Tanto mais se produz, mais aumenta o número de pessoas carentes e famintas no mundo. Não existe nenhum crescimento social de riqueza. O que existe é predatório e virtual. Cresce nas mãos de poucos, que fazem dele o uso que desejam. O sistema produtivo no mundo é direcionado para alimentar o consumo de alguns países e pessoas que hegemonicamente estabelecem os limites para a vida humana, gerando enormes desperdícios de recursos. Os excessos da produção não beneficia propriamente quem tem necessidade dela para sobrevivência: há um bilhão de famintos no planeta.
O sistema produtivo concentrado está à procura de um novo normal. Revela, contudo, a cada dia, menos compromisso com a produção de alimentos para a população, que, por sua vez, se expande, mesmo, sob controle. As políticas macroeconômicas não estão dando conta, diz Lara Resende, para quem um dos pontos paradigmáticos de tudo isso é a energia, que a maioria trata de maneira banal, contabilizando apenas os valores tarifários. Esse campo guarda enormes segredos e, também, soluções pouco conhecidas.
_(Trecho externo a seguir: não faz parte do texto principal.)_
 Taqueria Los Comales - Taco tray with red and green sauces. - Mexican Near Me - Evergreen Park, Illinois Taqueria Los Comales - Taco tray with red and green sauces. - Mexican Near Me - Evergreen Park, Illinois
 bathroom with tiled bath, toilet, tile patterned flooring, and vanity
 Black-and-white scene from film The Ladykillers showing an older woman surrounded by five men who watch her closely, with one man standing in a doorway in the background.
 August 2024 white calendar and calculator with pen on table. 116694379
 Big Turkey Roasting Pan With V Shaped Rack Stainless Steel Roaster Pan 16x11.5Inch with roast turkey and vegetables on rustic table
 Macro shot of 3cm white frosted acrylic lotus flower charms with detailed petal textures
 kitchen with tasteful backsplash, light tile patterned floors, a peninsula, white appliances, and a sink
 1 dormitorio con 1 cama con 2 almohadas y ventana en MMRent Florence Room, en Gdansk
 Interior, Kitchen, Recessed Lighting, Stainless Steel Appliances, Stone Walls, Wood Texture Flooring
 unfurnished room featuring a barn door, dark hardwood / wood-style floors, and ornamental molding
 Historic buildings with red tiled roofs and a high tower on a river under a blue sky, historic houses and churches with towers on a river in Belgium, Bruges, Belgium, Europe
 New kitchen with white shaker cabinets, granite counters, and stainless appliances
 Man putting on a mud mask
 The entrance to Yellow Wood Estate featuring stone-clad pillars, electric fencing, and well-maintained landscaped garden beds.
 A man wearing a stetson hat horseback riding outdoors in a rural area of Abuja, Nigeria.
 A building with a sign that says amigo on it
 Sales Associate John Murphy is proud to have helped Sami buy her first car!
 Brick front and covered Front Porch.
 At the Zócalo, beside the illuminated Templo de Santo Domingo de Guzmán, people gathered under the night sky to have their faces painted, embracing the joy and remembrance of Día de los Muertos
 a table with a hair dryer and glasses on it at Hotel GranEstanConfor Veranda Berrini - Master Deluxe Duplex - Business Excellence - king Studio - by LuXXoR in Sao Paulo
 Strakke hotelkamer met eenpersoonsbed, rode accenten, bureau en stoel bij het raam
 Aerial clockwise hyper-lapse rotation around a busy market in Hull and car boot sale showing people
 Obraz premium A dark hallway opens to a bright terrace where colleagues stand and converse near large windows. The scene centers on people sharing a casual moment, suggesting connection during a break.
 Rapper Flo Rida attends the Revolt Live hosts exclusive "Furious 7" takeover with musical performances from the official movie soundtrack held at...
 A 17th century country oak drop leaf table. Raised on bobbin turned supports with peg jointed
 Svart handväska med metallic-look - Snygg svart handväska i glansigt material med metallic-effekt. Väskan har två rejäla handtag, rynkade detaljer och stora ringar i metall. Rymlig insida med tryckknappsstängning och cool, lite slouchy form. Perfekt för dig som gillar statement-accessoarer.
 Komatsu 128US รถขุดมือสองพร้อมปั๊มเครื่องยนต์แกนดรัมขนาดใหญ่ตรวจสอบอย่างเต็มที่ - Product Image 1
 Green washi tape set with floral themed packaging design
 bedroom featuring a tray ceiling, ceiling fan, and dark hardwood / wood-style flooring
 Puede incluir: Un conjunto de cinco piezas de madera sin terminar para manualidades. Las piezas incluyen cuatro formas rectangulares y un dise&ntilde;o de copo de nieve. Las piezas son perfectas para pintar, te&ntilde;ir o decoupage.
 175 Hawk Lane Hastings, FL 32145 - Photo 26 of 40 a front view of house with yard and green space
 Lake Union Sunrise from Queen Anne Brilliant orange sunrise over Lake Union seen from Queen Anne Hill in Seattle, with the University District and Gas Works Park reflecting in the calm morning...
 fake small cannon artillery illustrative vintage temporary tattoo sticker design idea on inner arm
Na Inglaterra existe há vários anos uma organização civil empenhada em negar as leis do crescimento econômico e do desenvolvimento com base no uso intensivo dos recursos originais da natureza. O grupo é liderado pelo antropólogo inglês, Jason Hickel. Há dois anos, ele escreveu um livro intitulado "Less is More:How Degrowth Will save the world" ( Menos é mais: como o decrescimento vai salvar o mundo). Não foi traduzido para o português. Daí colocar-se por aqui ainda, na frente dos bois, o desenvolvimento (industrial, tecnológico) e não a sustentabilidade para conter os consumos conspícuos e democratizar os acessos aos recursos naturais.
O Brasil está atrasado no processo. Embora um dos grandes "biodiversos" do planeta, ainda persegue o modelo de crescimento predatório que os outros vão bandonando. Terá muito a perder, permanecendo entocado no dogmatismo neoliberal. Pode-se dizer que a Sibéria, e não a Amazônia, será o último refúgio da humanidade no planeta.